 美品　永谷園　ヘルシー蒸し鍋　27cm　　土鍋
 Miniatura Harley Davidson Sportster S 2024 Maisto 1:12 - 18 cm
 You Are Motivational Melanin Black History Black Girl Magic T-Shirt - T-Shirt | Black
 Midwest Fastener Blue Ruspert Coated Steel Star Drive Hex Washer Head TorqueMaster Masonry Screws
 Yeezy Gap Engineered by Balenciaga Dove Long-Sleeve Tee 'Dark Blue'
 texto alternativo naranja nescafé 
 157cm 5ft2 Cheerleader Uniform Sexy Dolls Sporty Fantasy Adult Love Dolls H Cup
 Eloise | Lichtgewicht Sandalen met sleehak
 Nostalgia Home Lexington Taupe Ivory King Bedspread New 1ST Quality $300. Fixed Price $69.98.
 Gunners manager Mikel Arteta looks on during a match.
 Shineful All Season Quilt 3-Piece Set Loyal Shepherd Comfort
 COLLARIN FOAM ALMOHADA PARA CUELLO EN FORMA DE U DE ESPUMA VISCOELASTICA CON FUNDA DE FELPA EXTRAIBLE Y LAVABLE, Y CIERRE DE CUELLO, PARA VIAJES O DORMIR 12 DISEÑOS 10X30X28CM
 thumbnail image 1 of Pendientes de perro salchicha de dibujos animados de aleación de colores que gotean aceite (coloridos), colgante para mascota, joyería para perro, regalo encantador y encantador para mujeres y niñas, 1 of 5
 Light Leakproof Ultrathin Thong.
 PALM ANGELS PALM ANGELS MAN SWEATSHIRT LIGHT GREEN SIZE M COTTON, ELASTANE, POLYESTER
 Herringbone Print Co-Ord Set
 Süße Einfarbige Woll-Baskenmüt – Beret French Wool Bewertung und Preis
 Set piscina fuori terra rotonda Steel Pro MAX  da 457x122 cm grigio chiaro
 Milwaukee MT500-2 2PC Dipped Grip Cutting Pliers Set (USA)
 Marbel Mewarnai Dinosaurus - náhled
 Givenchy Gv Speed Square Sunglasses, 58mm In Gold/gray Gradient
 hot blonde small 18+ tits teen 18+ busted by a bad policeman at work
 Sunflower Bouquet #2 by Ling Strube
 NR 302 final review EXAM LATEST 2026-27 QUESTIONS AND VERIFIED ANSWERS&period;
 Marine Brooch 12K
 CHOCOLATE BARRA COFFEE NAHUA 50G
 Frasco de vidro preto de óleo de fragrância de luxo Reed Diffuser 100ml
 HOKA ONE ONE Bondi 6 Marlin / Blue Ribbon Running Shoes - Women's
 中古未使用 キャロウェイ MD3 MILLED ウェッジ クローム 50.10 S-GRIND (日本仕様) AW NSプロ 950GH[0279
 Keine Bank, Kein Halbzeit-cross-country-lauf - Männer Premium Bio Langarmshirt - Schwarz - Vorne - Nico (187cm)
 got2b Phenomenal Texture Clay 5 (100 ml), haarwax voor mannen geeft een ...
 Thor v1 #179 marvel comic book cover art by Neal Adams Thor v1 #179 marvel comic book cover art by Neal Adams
^^^^^^^^
→ **Work instruction**
Whenever a line in the material contains the word "Steel", copy that line.

→ **Exercise solution**
 Midwest Fastener Blue Ruspert Coated Steel Star Drive Hex Washer Head TorqueMaster Masonry Screws
 Set piscina fuori terra rotonda Steel Pro MAX  da 457x122 cm grigio chiaro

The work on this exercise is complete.